My issue come as i dont know how to write theta in terms of the the function. I have had a couple of attempts at this as shown below, any tips/advice on if these are close to being correct could be appreciated.
function with theta written as theta
#my likelihood function
mylikelihood = function(beta) {
#log-likelihood
result = sum(log(dengue$cases + theta + 1 / dengue$cases)) +
sum(theta*log(theta / theta + exp(beta[1]+beta[2]*dengue$time))) +
sum(theta * log(exp(beta[1]+beta[2]*dengue$time / dengue$cases + exp(beta[1]+beta[2]*dengue$time))))
#return negative log-likelihood
return(-result)
}
my next attempt with thetas replaced with Xi from my dataset, which here is (dengue$time)
#my likelihood function attempt 2
mylikelihood = function(beta) {
#log-likelihood
result = sum((log(dengue$Cases + dengue$Time + 1 / dengue$Cases))) +
sum(dengue$Time*log(dengue$time / dengue$Time + exp(beta[1]+beta[2]*dengue$Time))) +
sum(dengue$Cases * log(exp(beta[1]+beta[2]*dengue$Time / dengue$Cases +
exp(beta[1]+beta[2]*dengue$Time))))
#return negative log-likelihood
return(-result)
}
data
head(dengue)
Cases Week Time
1 148 36 1
2 275 37 2
3 205 38 3
4 133 39 4
5 123 40 5
6 138 41 6
Are either of these close to being correct, and if not where am I going wrong?

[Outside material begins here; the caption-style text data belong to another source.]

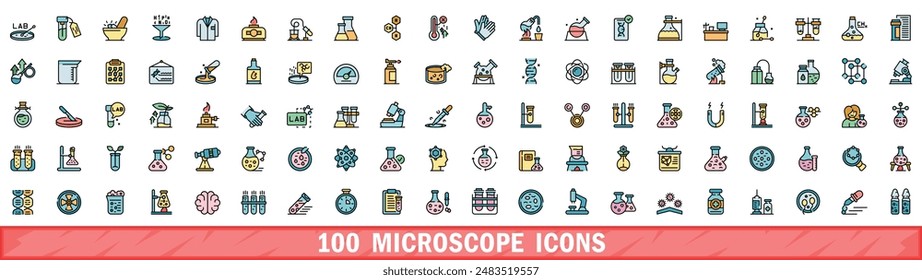 Conjunto de 100 iconos de microscopio. Conjunto de línea de color de iconos vectoriales de microscopio línea fina de color plana en blanco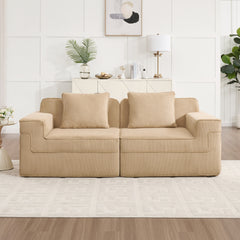 Modular 2 Seat Loveseat Boneless Sofa, Cloud Sectional Couch with Deep Seat, Modern Modular 2-Seat Sofa Couch with Throw Pillows Corduroy Fabric Camel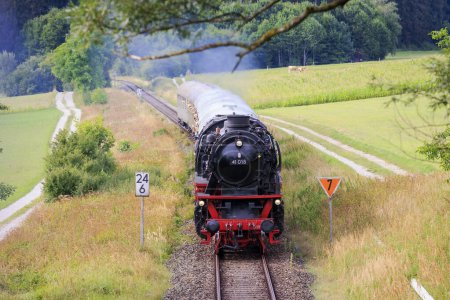 Pflaumdorf, Bavaria 07.08.2022, steam locomotive during a special trip of the steam railroad Augsburg Ammersee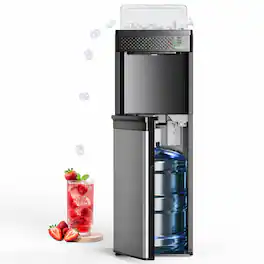 Ecozy Chillio - 4-in-1 Bottom-Loading Water Dispenser with Ice Maker, 33 lbs/Day, Child Lock, Fits 3 & 5 Gallon Bottles for Home, Office - Silver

Updated into about where the log-likelihood comes from;
The model;
Negative Binomial distribution with mean µ and dispersion parameter θ has pmf;

The fundamental problem is that you have to pass both beta (intercept and slope of one component of the problem) and theta as part of a single parameter vector. You had other problems with parenthesis placement that I fixed, and I reorganized the expressions a little bit.
There are several more important mistakes in your code.
The first term is not a fraction; it is a binomial coefficient. (i.e., you should use lchoose(), as shown below)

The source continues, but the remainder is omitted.